→ Work task
Return the records word for word. Any pictures in them are not part of the copy.

→ Records shown
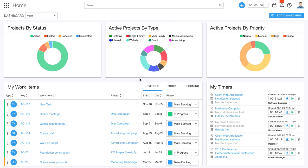Hello. In this video, we're going to give you a high-level overview of Ravetree. Ravetree is a work management software platform that does four primary things: project management, resource planning, time and expense tracking, and digital asset management.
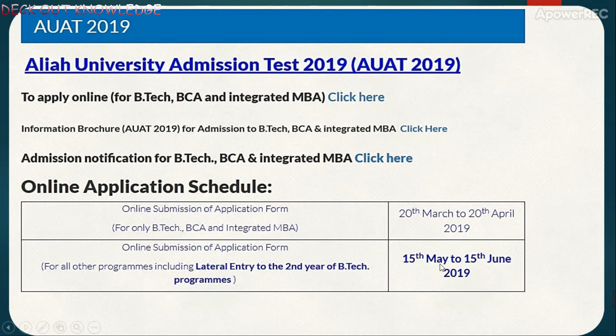The application window is from May 15 to June 15, 2019 — so you will get one month to apply. The application mode will be online. Starting May 15, you can begin filling out the online application on the portal.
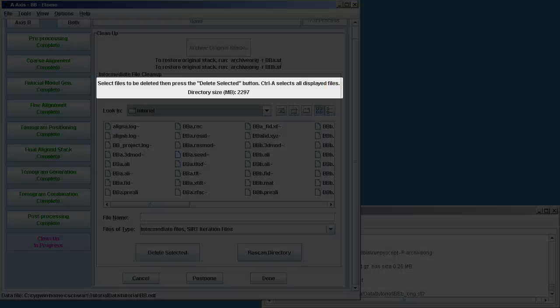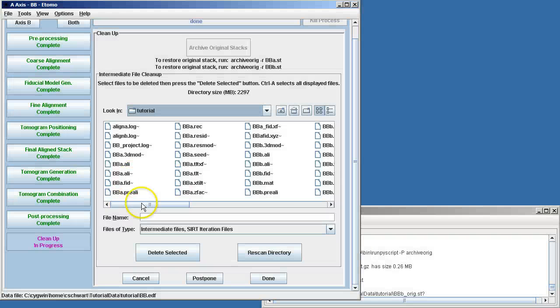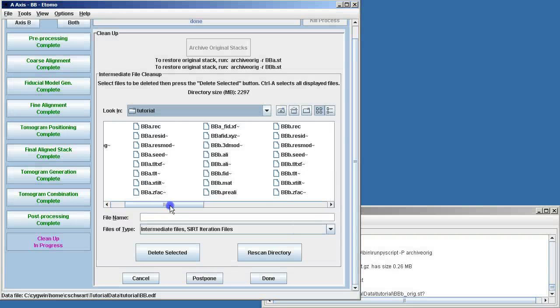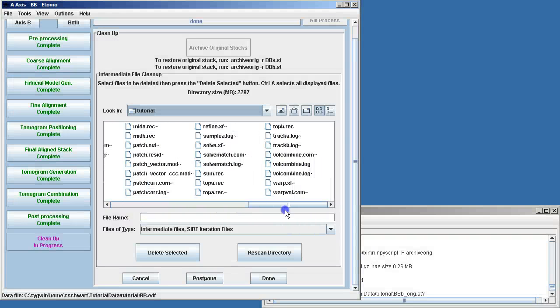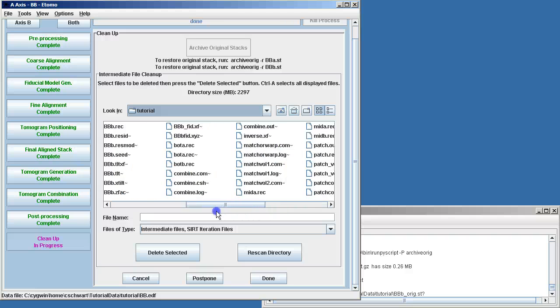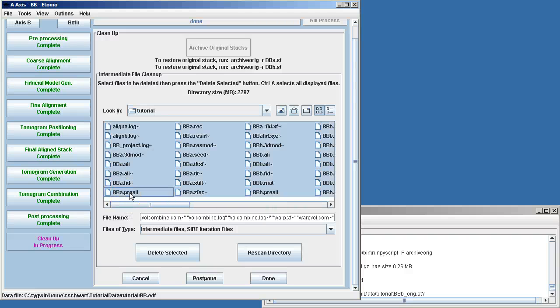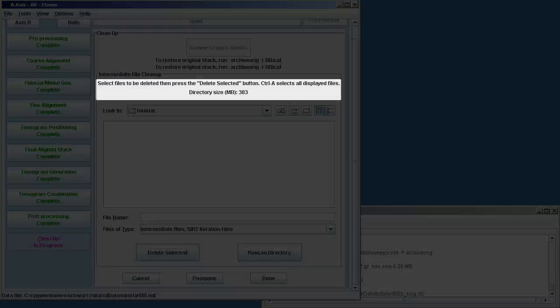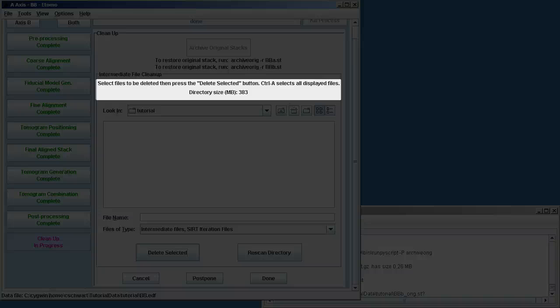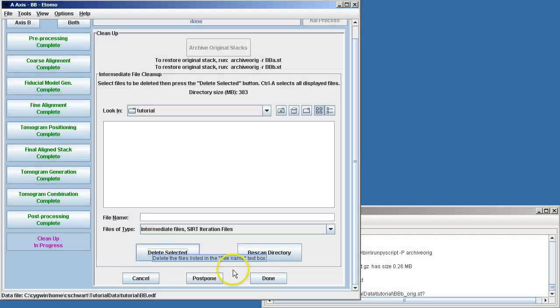Now we can see that our directory is about 2.2 gigs, and so we can delete all of these intermediate files that we no longer need. These are all sorts of backup files and previous version files and files that are easy to make. So we can delete all of them, and you'll see that now we're down to 383 megabytes. This is important when you want to archive all your data.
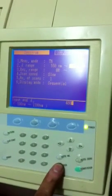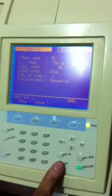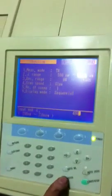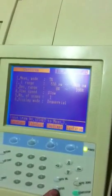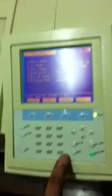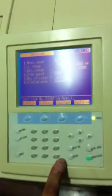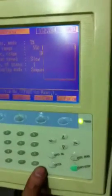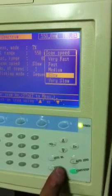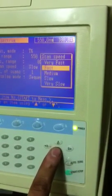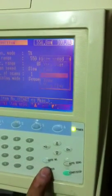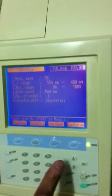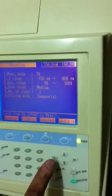Right now we are performing the wavelength calibration testing, just making sure it's up to the mark. That's one of the most important things in a spectrophotometer, you need to check the wavelength calibration. You can select the speed of scanning.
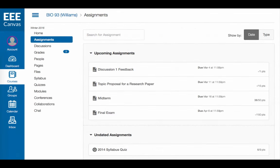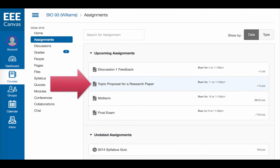Second, you might be asked to submit an assignment. To begin this process, you can click the name of the assignment. Again, additional information is provided on this page. It is a good idea to read through this to make sure you are submitting appropriate work. Click Submit Assignment on the right side of the page.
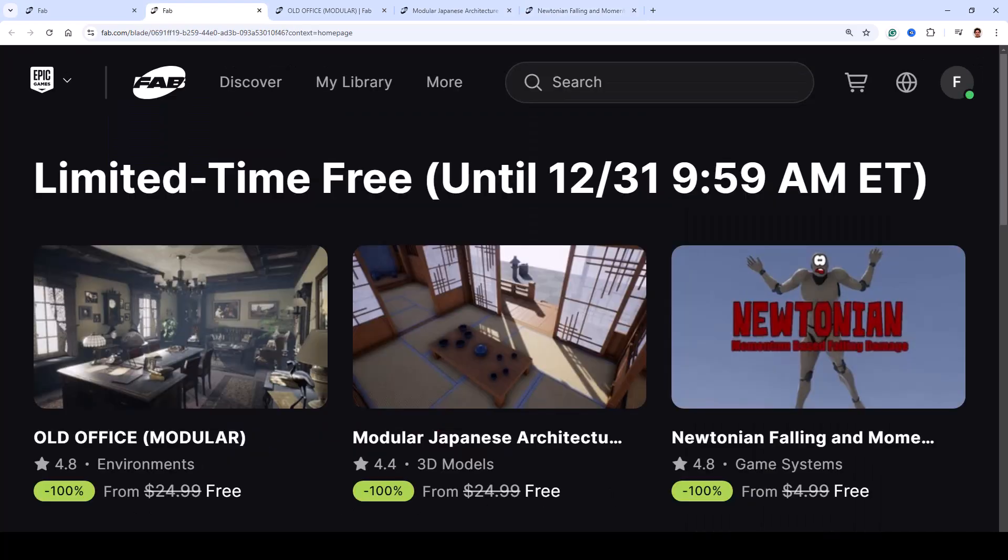These asset packs offer a range of tools for creating environments and mechanics in your project. Check out the links in the description for more details and tutorials and start exploring what's possible.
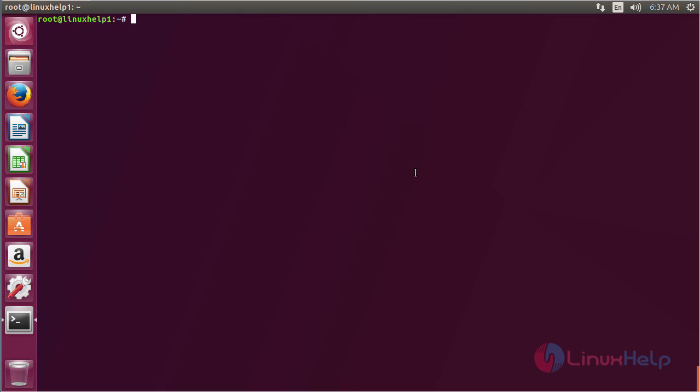In this session I have seen about how to install Midnight Commander on Ubuntu 17.04. Thank you for watching.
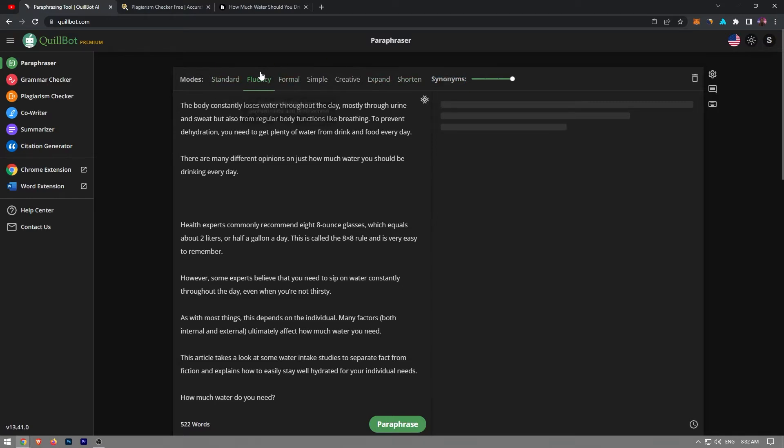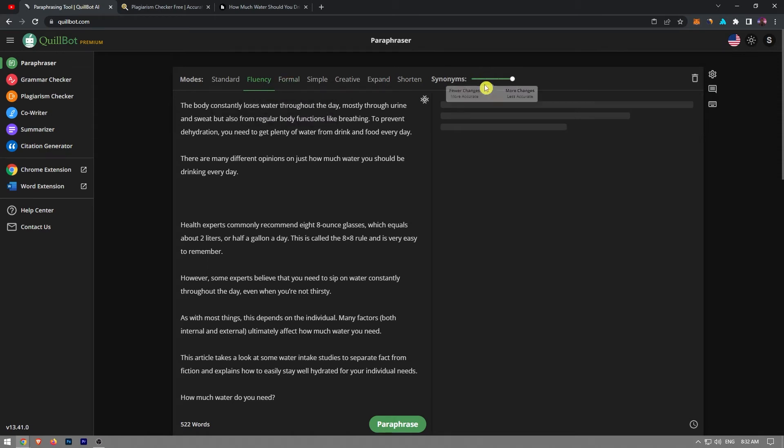My go-to mode is the fluency mode so I'm gonna use it here. If your article includes a relatively low amount of plagiarized content, I would suggest sliding this synonyms bar all the way to the left. Move it to the right if it includes a significant amount of plagiarized material.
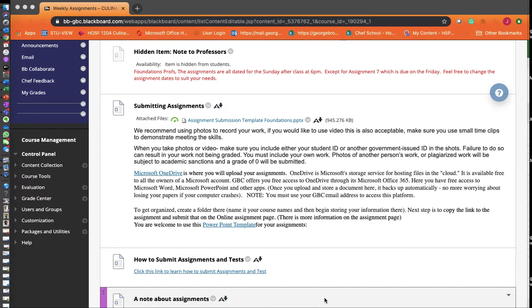Again folks, it's Chef Ennis here again. We're going to talk you through submitting assignments, how to set up a folder in OneDrive, and how to submit assignments.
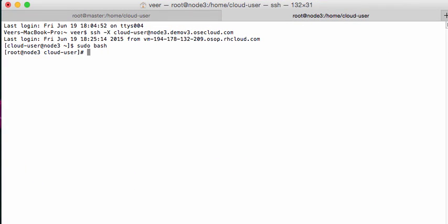For creating a new node, all I did is—this is an OpenStack-based environment, my OpenShift is installed on OpenStack—I spun up a new host, a virtual machine on OpenStack. I called it node 3, and I registered that system with Red Hat.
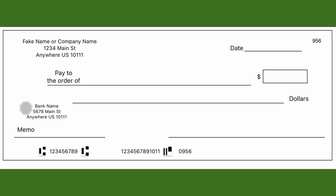On some checks this part is a box and on others it's a line, but here you see the dollar amount field — this is where you write the amount you're paying in digits or numbers.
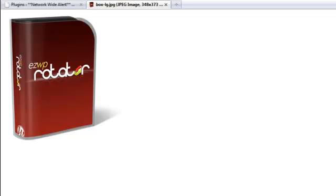Okay, in this video you're going to learn how to upload, activate, and use the EasyWP Rotator plugin.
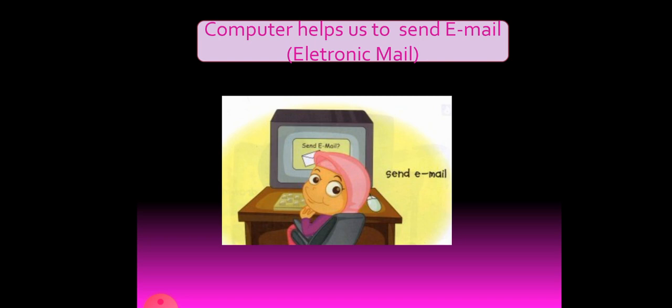So computer helps us to send email. Email means electronic mail. We can send messages through electronic mail. Same like WhatsApp. You know we can send messages, we can send files, we can send photos. Similarly, between the computers we can send messages through email.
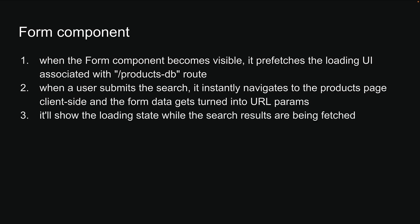Third, it will show the loading state while the search results are being fetched. We see our loading div tag while the products are being fetched in the background.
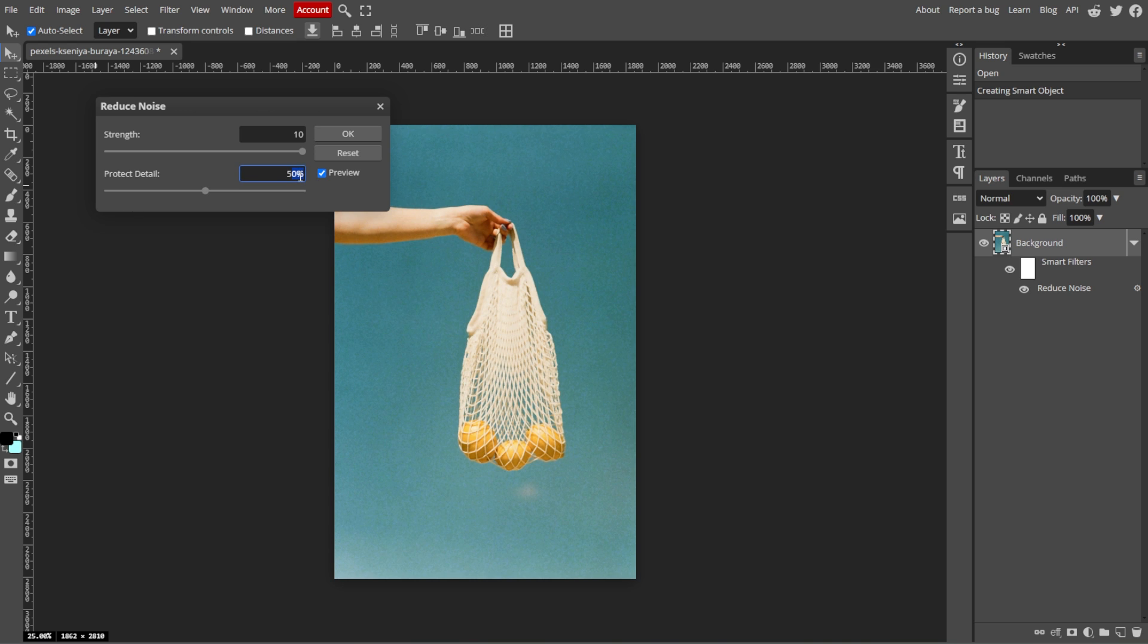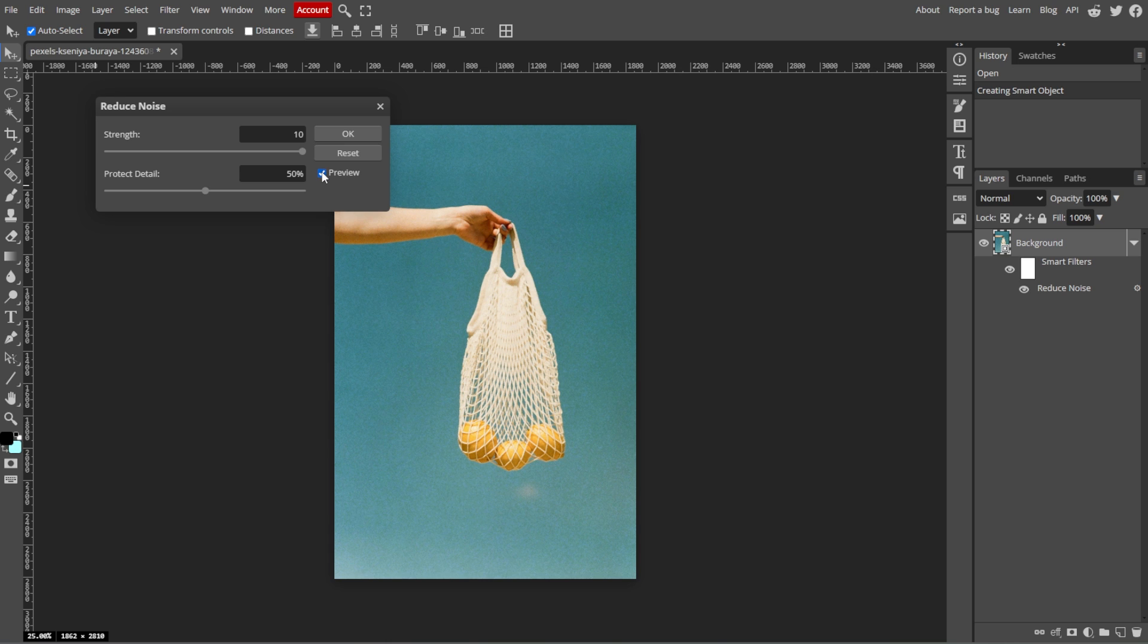Now check the preview box to see how the noise reduction affects your image in real-time. Fine-tune the sliders until you achieve the desired balance between noise reduction and detail preservation.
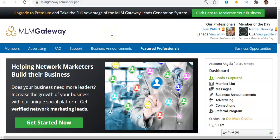Hello there and welcome. I'm Angela and in this video I will be showing you how to use the MLM Gateway business announcement section to advertise your website for free.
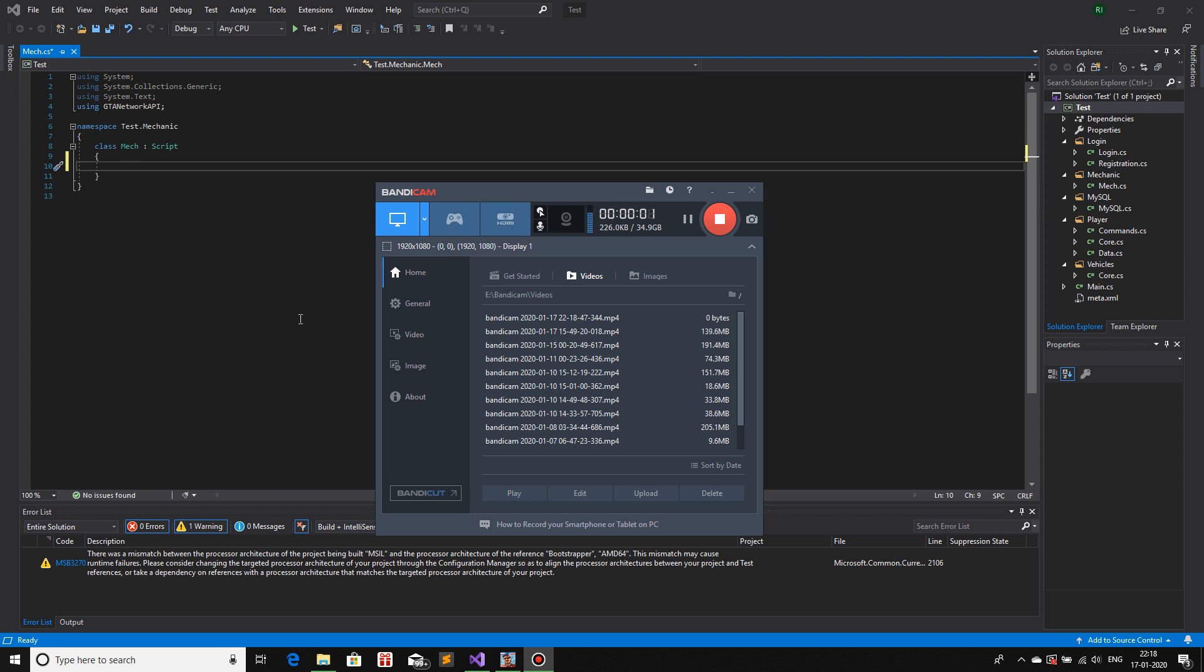Hello and welcome to yet another Outworldly Experience! Today we will make a mechanic fixing point, basically a jobs kind of thing where if you take a damaged vehicle and go to a certain point, it will fix your vehicle. For this we are going to use three entities: text label, collision shape, and markers. So let's get started.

→ Response to the exercise
Hello. In this video, we're going to give you a high-level overview of Ravetree. Ravetree is a work management software platform that does four primary things: project management, resource planning, time and expense tracking, and digital asset management.
The application window is from May 15 to June 15, 2019 — so you will get one month to apply. The application mode will be online. Starting May 15, you can begin filling out the online application on the portal.
Now we can see that our directory is about 2.2 gigs, and so we can delete all of these intermediate files that we no longer need. These are all sorts of backup files and previous version files and files that are easy to make. So we can delete all of them, and you'll see that now we're down to 383 megabytes. This is important when you want to archive all your data.
Right now we are performing the wavelength calibration testing, just making sure it's up to the mark. That's one of the most important things in a spectrophotometer, you need to check the wavelength calibration. You can select the speed of scanning.
Second, you might be asked to submit an assignment. To begin this process, you can click the name of the assignment. Again, additional information is provided on this page. It is a good idea to read through this to make sure you are submitting appropriate work. Click Submit Assignment on the right side of the page.
These asset packs offer a range of tools for creating environments and mechanics in your project. Check out the links in the description for more details and tutorials and start exploring what's possible.
In this session I have seen about how to install Midnight Commander on Ubuntu 17.04. Thank you for watching.
My go-to mode is the fluency mode so I'm gonna use it here. If your article includes a relatively low amount of plagiarized content, I would suggest sliding this synonyms bar all the way to the left. Move it to the right if it includes a significant amount of plagiarized material.
Again folks, it's Chef Ennis here again. We're going to talk you through submitting assignments, how to set up a folder in OneDrive, and how to submit assignments.
For creating a new node, all I did is—this is an OpenStack-based environment, my OpenShift is installed on OpenStack—I spun up a new host, a virtual machine on OpenStack. I called it node 3, and I registered that system with Red Hat.
On some checks this part is a box and on others it's a line, but here you see the dollar amount field — this is where you write the amount you're paying in digits or numbers.
Okay, in this video you're going to learn how to upload, activate, and use the EasyWP Rotator plugin.
So computer helps us to send email. Email means electronic mail. We can send messages through electronic mail. Same like WhatsApp. You know we can send messages, we can send files, we can send photos. Similarly, between the computers we can send messages through email.
Third, it will show the loading state while the search results are being fetched. We see our loading div tag while the products are being fetched in the background.
Now check the preview box to see how the noise reduction affects your image in real-time. Fine-tune the sliders until you achieve the desired balance between noise reduction and detail preservation.
Hello there and welcome. I'm Angela and in this video I will be showing you how to use the MLM Gateway business announcement section to advertise your website for free.
Hello and welcome to yet another Outworldly Experience! Today we will make a mechanic fixing point, basically a jobs kind of thing where if you take a damaged vehicle and go to a certain point, it will fix your vehicle. For this we are going to use three entities: text label, collision shape, and markers. So let's get started.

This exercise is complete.